Diário de uma vida como lição para a vida diária

JAZZ
DISCOS
PÚBLICO 12 OUTUBRO 2002

Shorter, Giuffre, Bley, Swallow. O futuro já foi feito por eles. Impresso numa pegada ou escrito num diário. Há quem jogue noutro tabuleiro. Tudo depende da força do olhar. E de ser. Mas isso já muito poucos arriscam…

Diário de uma vida como lição para a vida diária

Se o que um homem é está escrito no seu nome, reconheça-se que tal verdade não se aplica no caso de Wayne Shorter. "Mais curta" não é certamente a música de "Footprints Live" do que aquela que o tornou notável, nos anos 60, enquanto "sideman" de Miles Davis, ou a que, de seguida, ajudou a impor aos mais céticos a heresia do jazz rock, através dos Weather Report. "Footprints Live" é ainda, por incrível que pareça, o primeiro álbum ao vivo de sempre deste notável executante dos saxofones tenor e soprano a quem a pop igualmente agradece a disponibilidade (Joni Mitchell, Carlos Santana e os Steely Dan que o digam). Gravado em Julho do ano passado em festivais em Espanha, França e Itália, contou com a participação de Danilo Perez, no piano, John Patitucci, no baixo, e Brian Blade, na bateria, na transposição para o palco de clássicos da sua anterior discografia como "Footprints", "Atlantis", "Juju", ou a soturna "Valse triste", de Jean Sibelius. Impressiona a energia e o lirismo de uma música que alia a investida inquisitiva e a frase-faca de Coltrane, sem o tormento, a uma delicadeza sem limites. Uma pegada impressa com a força de um "statement".
                O caso dos três homens que se seguem não é menos sério. Três lendas do jazz moderno: Jimmy Giuffre, Paul Bley, Steve Swallow. A reedição das duas sessões, respetivamente registadas em estúdio a 16 e 17 de Dezembro de 1989, e intituladas "The Life of a Trio: Saturday" e "The Life of a Trio, Sunday", justifica uma renovada chamada de atenção pelo facto de ter sido finalmente objeto de remasterização. É da vida de um trio que realmente se trata. De uma experiência a três, da qual resultaram, no início dos anos 60, "1961", a obra-prima "Free Fall" e, já na década seguinte e com selo ECM, o par "Fusion" e "Thesis". Demorou quase 20 anos até se encontrarem de novo e restabelecerem a química.
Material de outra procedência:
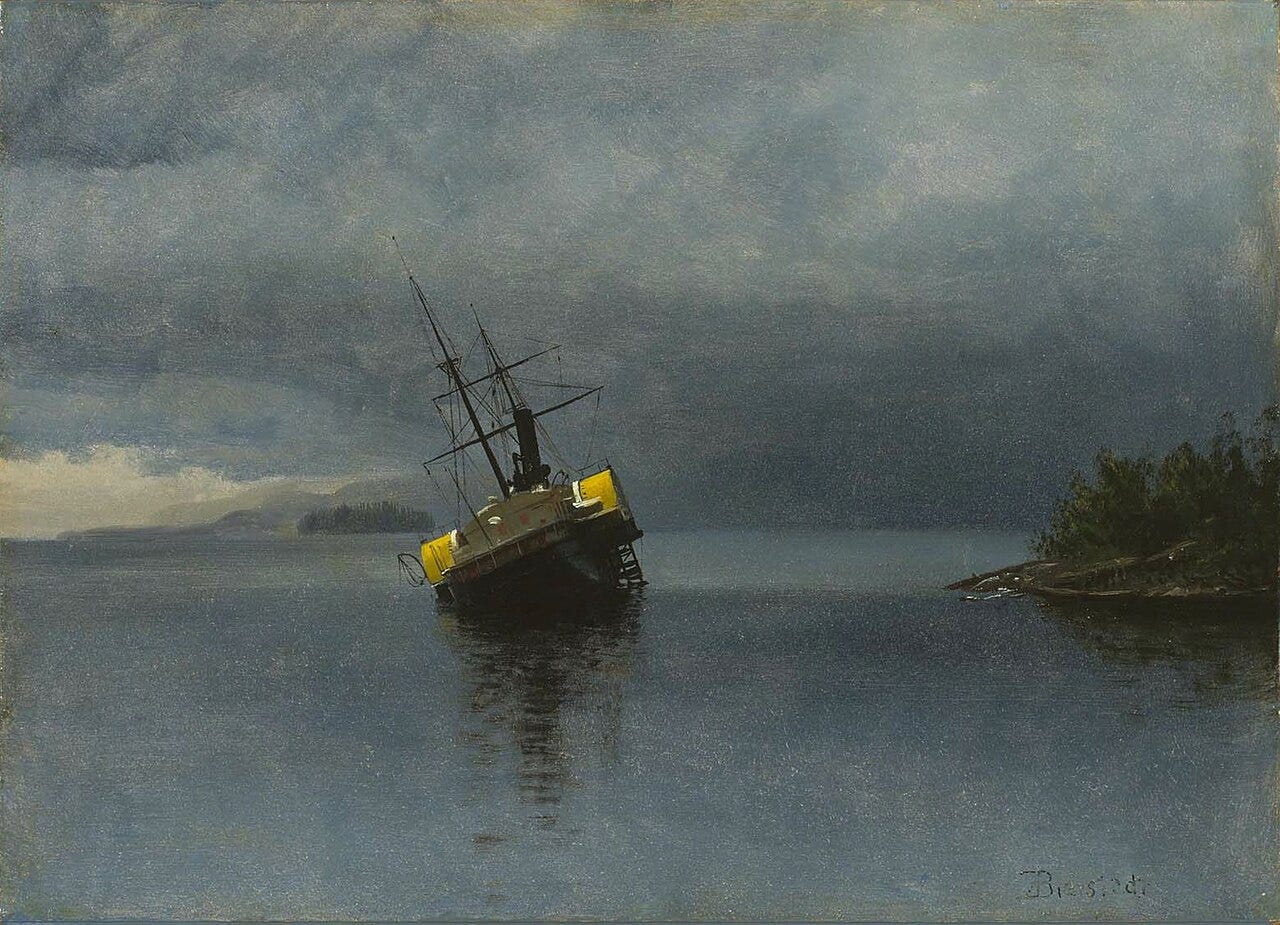 A small steamer listing on a reef in a calm gray bay, her funnel and two masts tilted, with a wooded point of land at the right and her reflection in the still water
A solo, em duo ou em trio, as filigranas de "The Life of a Trio" tecem-se na cumplicidade e no silêncio, na memória das notas antigas e na redescoberta do seu gosto. No lirisno de Swallow, no impressionismo abstrato de Bley e na genialidade de Giuffre, um dos mais inteligentes músicos da história de jazz, para quem cada frase do saxofone e do clarinete ostenta o carater de um tratado de filosofia. Dois discos de tensões, mais do que de explosões, para ouvir com muito tempo e muito cuidado.
                Menos seguro do seu estatuto está o alemão Alfred Harth. A polícia do jazz há anos que o tem debaixo de olho. Harth não tem "heart" para o jazz, pelo menos aquele que queima, há quem diga, quem acuse. Talvez não. Mas se o seu currículo suscita suspeitas no meio, já entre os monstros e os mutantes do chamado rock/jazz de câmara formado na guerrilha do movimento "RIO" ("Rock in Opposition"), o seu nome é respeitado, pelo seu envolvimento quer no anarco-jazz eletrónico em duo com Heiner Goebbels, quer nos igualmente politizados Cassiber, sob a batuta de Chris Cutler, ou nos bizarros Vladimir Estragon. O seu Trio Viriditas, com Wilber Morris (baixo e voz) e Kevin Norton (bateria, vibrafone e percussão), em "Waxwebwind@ebroadway" não vai tão longe, ou vai mais longe, dependendo do ponto de vista do observador, sendo em qualquer dos casos inegável que o seu saxofone e o seu clarinete se inserem na mesma universidade nova onde lecionam mestres como Sclavis ou Portal. Ocasionalmente emaranhados nas quadraturas estáticas de alguma "música contemporânea" ou nos clichés do "free" (quem não os tem?...), mas invariavelmente livres para a qualquer momento se movimentarem na direção desejada. Um tema como "Starbucks" balouça até num arremedo de "swing"...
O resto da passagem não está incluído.